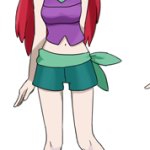 Ariel in Pokemon Style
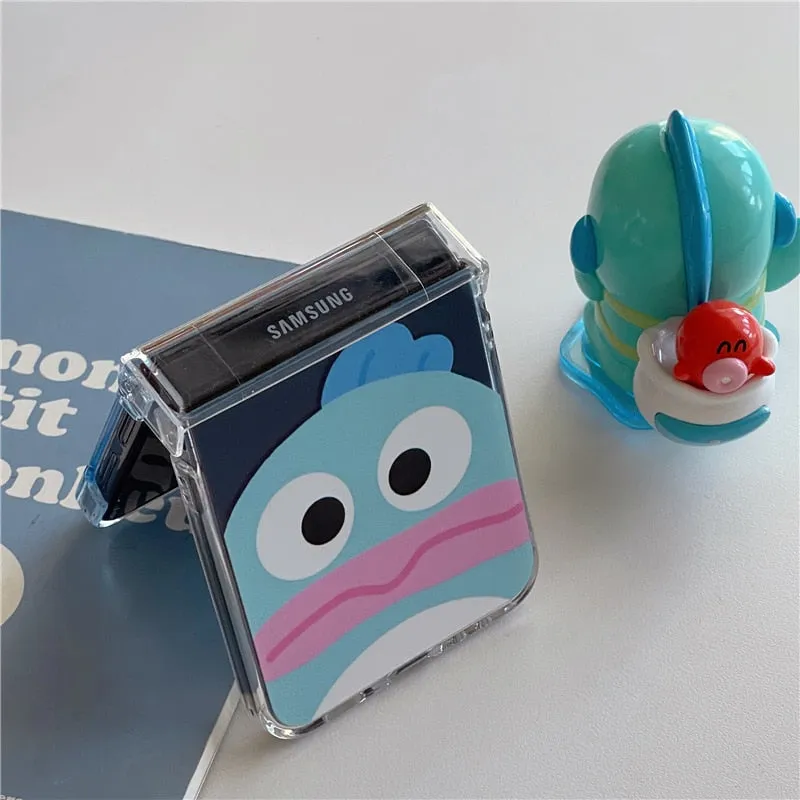 Cartoon Fish Sunglasses Cool, Aesthetic & Cute Samsung Galaxy Z Flip 5 4 3 Case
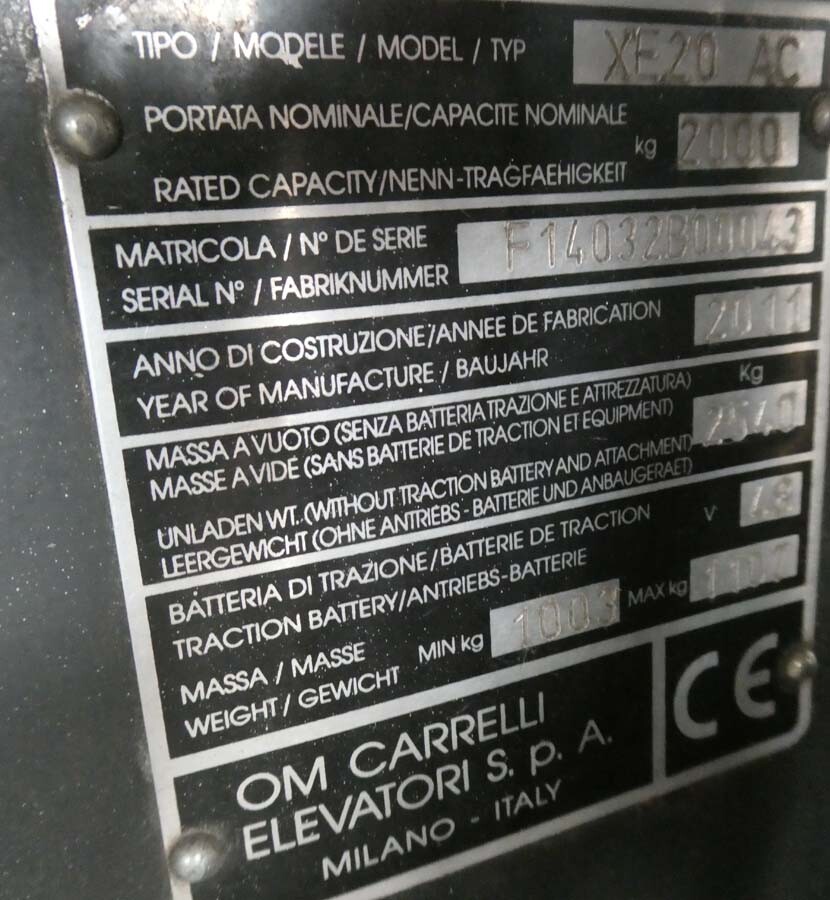 Apparecchi Di Sollevamento – Il lotto comprende un carrello elevatore elettrico a forche… — foto 6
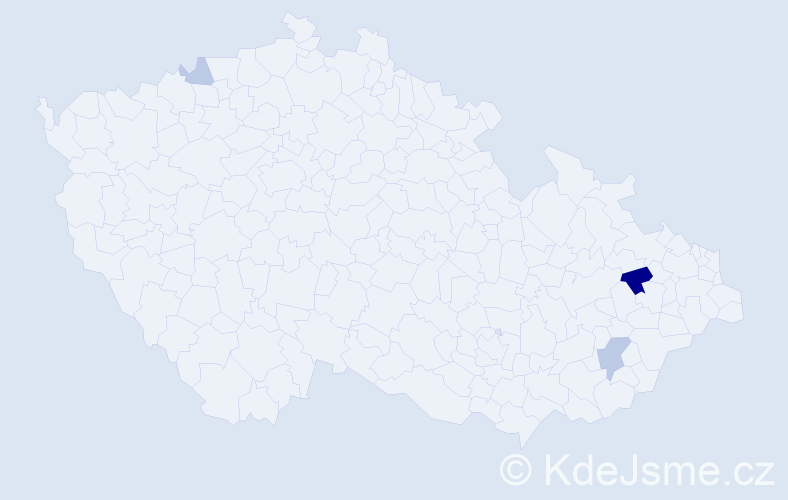 Příjmení: 'Mahušková', počet výskytů 7 v celé ČR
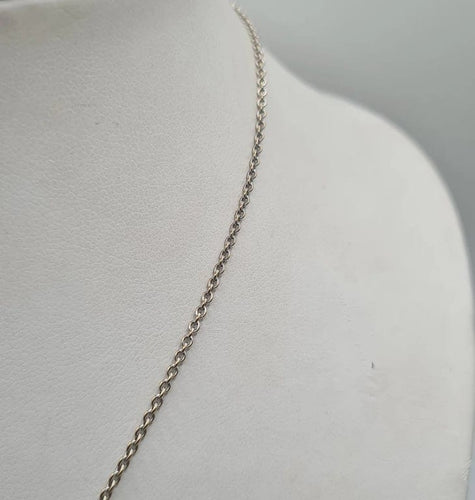 Collier Collier et pendentif croix or blanc sertis de diamants 58 Facettes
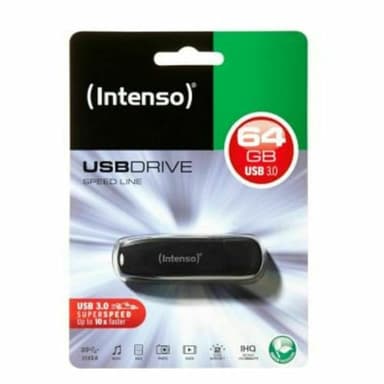 Intenso Speed Line Clé USB 3.0 64 Go Noir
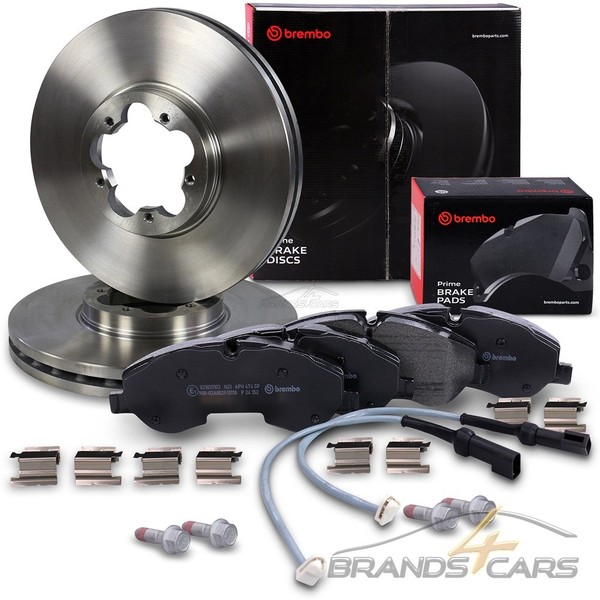 Brembo Bremsscheiben Ø308 +BelÄGe Vorne FÜR Ford Transit Tourneo BUS V362 V363-image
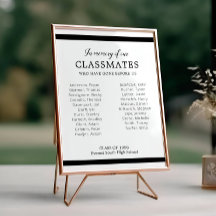 Black in Memory of our Classmates Reunion Memorial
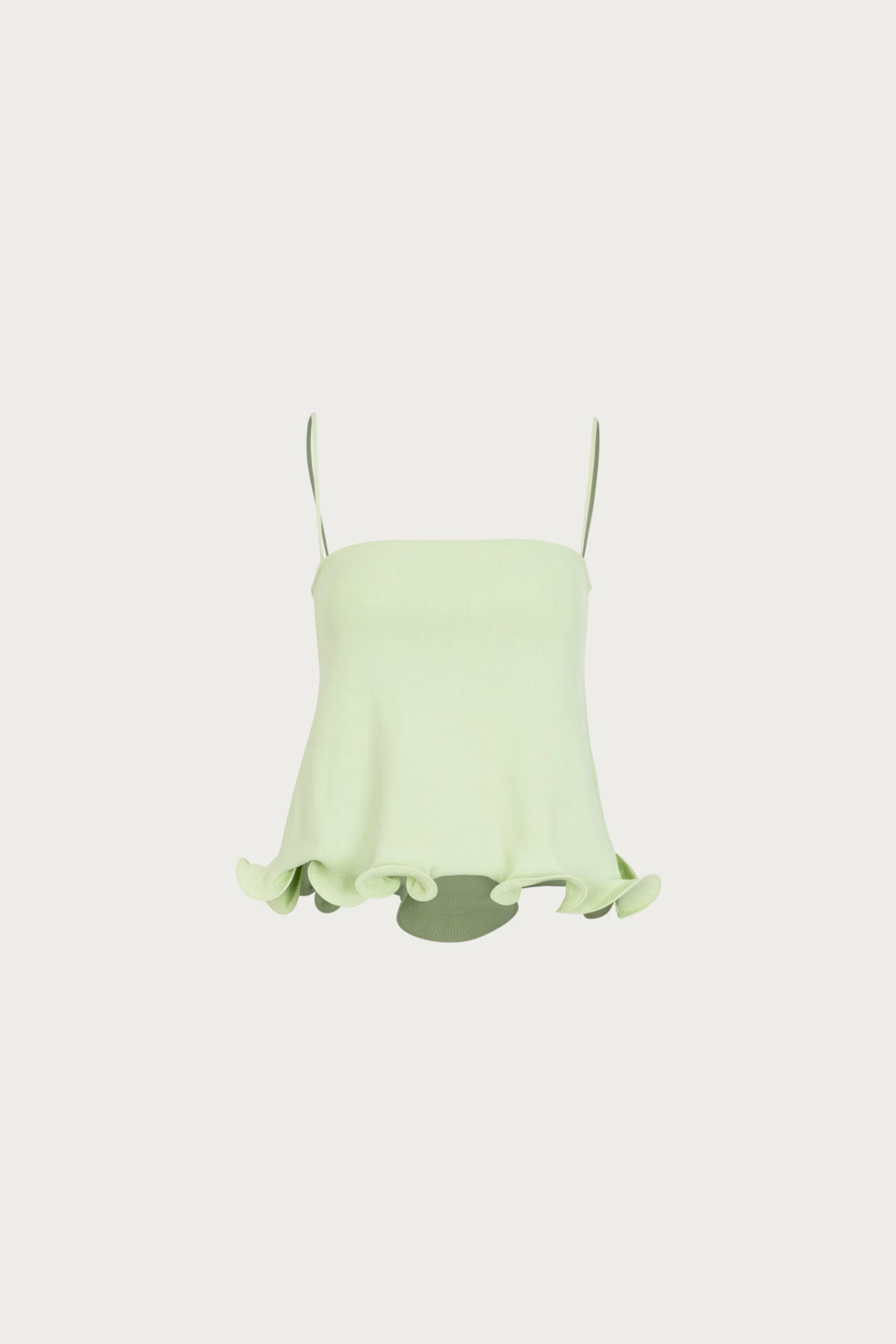 Ruffle Hem Tank Top (Mint)(Ruffle Hem Tank Top Mint) 3 Ruffle Hem Tank Top (Mint)(Ruffle Hem Tank Top Mint)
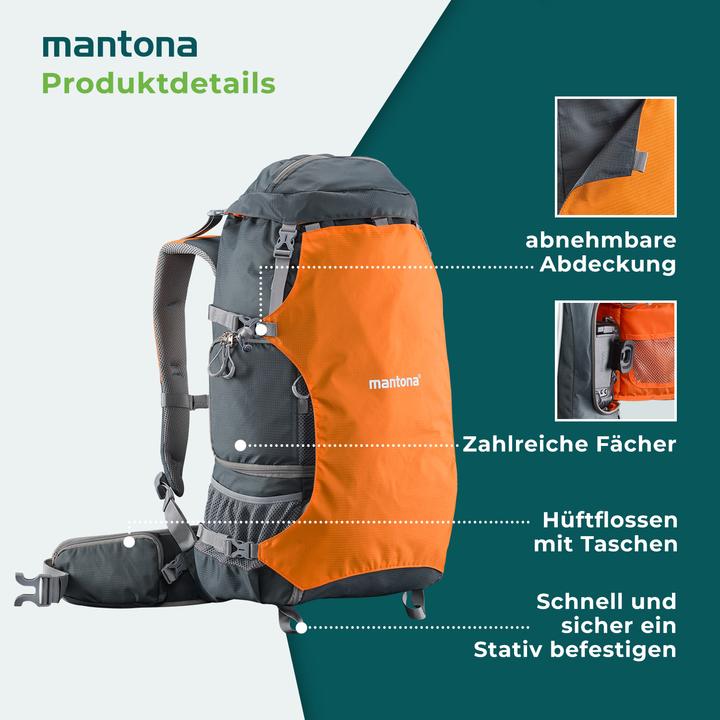 Produktbild mantona elementsPro 40 orange (Fotorucksack, 14 l)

------------------------

Exercise requirements.
Give the listing again word for word, without its images.

Solution for this problem.
 Ariel in Pokemon Style
 Cartoon Fish Sunglasses Cool, Aesthetic & Cute Samsung Galaxy Z Flip 5 4 3 Case
 Apparecchi Di Sollevamento – Il lotto comprende un carrello elevatore elettrico a forche… — foto 6
 Příjmení: 'Mahušková', počet výskytů 7 v celé ČR
 Collier Collier et pendentif croix or blanc sertis de diamants 58 Facettes
 Intenso Speed Line Clé USB 3.0 64 Go Noir
 Brembo Bremsscheiben Ø308 +BelÄGe Vorne FÜR Ford Transit Tourneo BUS V362 V363-image
 Black in Memory of our Classmates Reunion Memorial
 Ruffle Hem Tank Top (Mint)(Ruffle Hem Tank Top Mint) 3 Ruffle Hem Tank Top (Mint)(Ruffle Hem Tank Top Mint)
 Produktbild mantona elementsPro 40 orange (Fotorucksack, 14 l)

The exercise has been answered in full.